RECORD EXTRACTS START
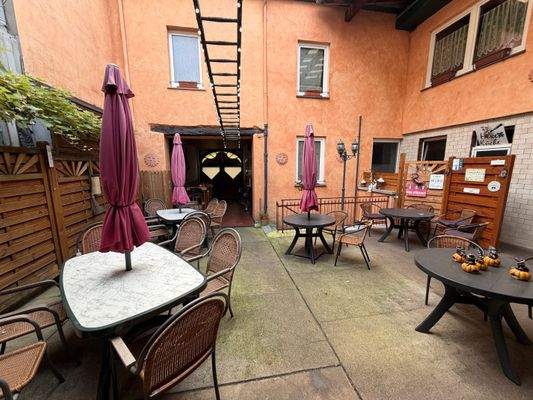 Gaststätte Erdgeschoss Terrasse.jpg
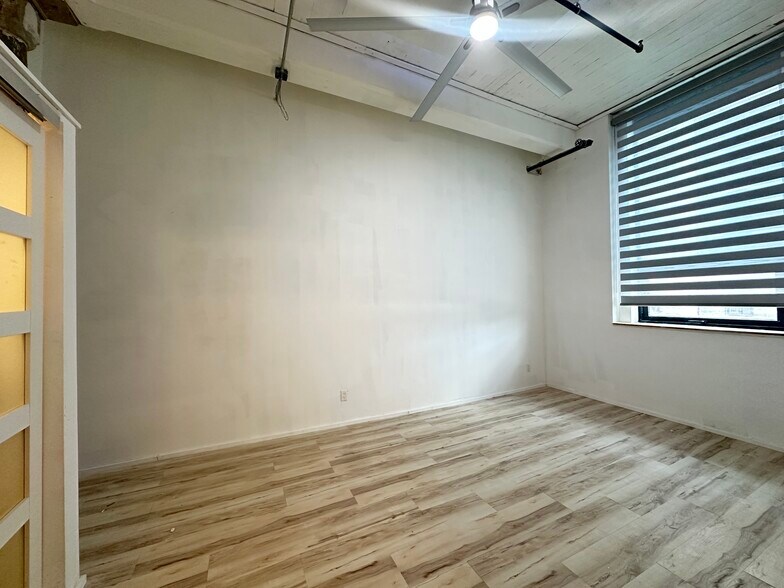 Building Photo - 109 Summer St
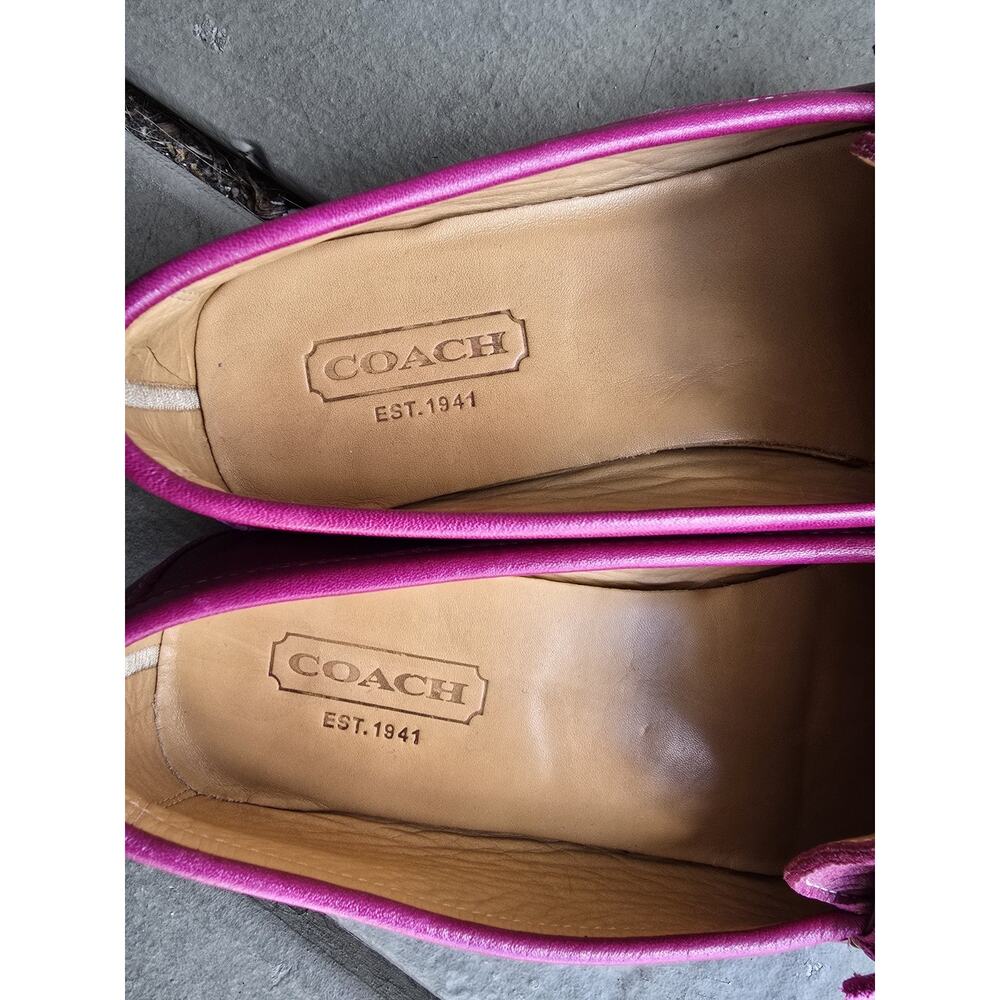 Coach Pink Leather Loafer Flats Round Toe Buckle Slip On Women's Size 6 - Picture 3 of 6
RECORD EXTRACTS END
RECORD EXTRACTS START
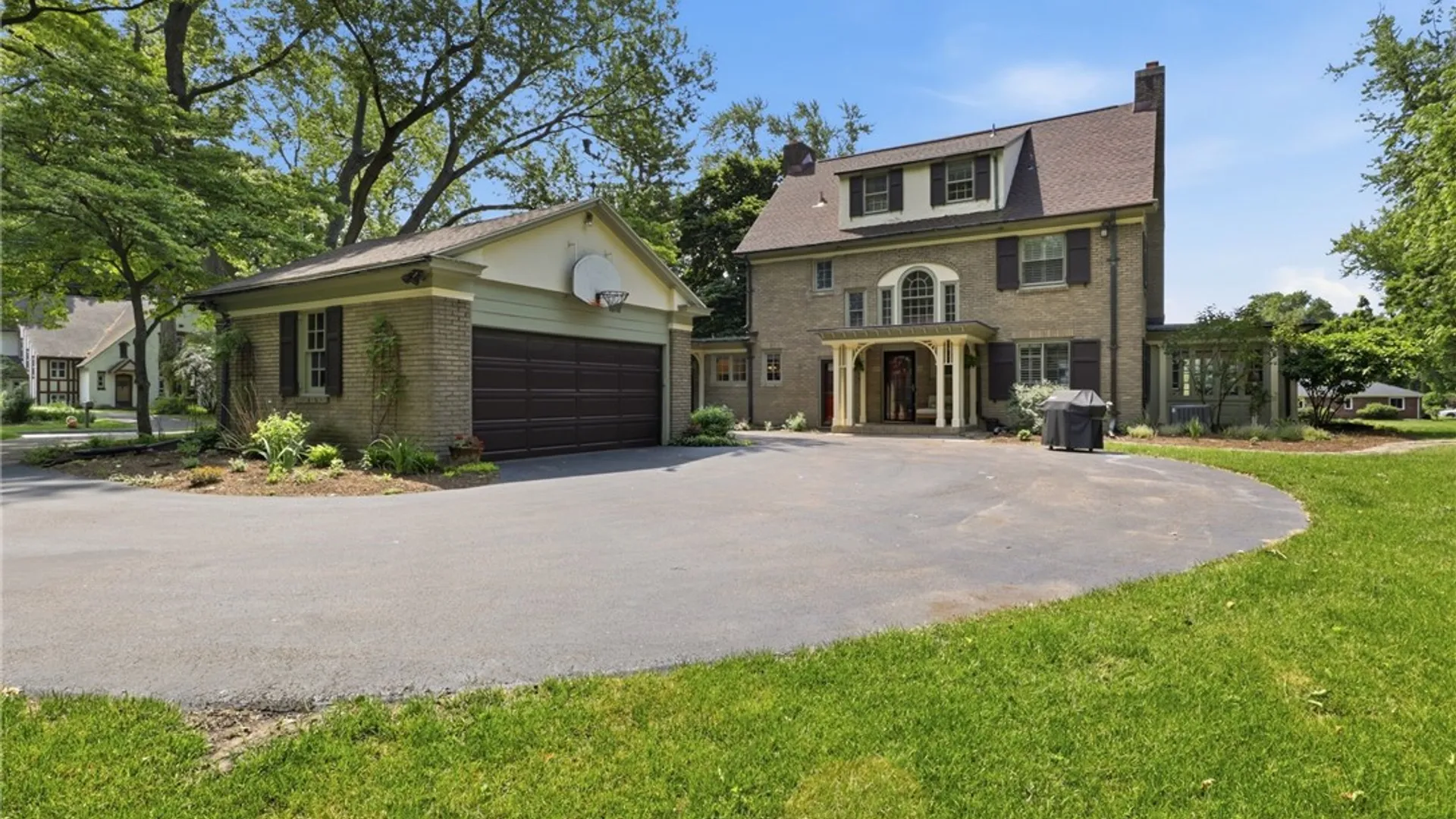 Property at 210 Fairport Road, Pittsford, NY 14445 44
RECORD EXTRACTS END
= YOUR INSTRUCTIONS =
Print the line above containing "Gaststätte Erdgeschoss Terrasse.jpg", the line containing "Coach Pink Leather", and everything between them, exactly as written. Pictures stay out.

= SOLUTION TO THE EXERCISE =
 Gaststätte Erdgeschoss Terrasse.jpg
 Building Photo - 109 Summer St
 Coach Pink Leather Loafer Flats Round Toe Buckle Slip On Women's Size 6 - Picture 3 of 6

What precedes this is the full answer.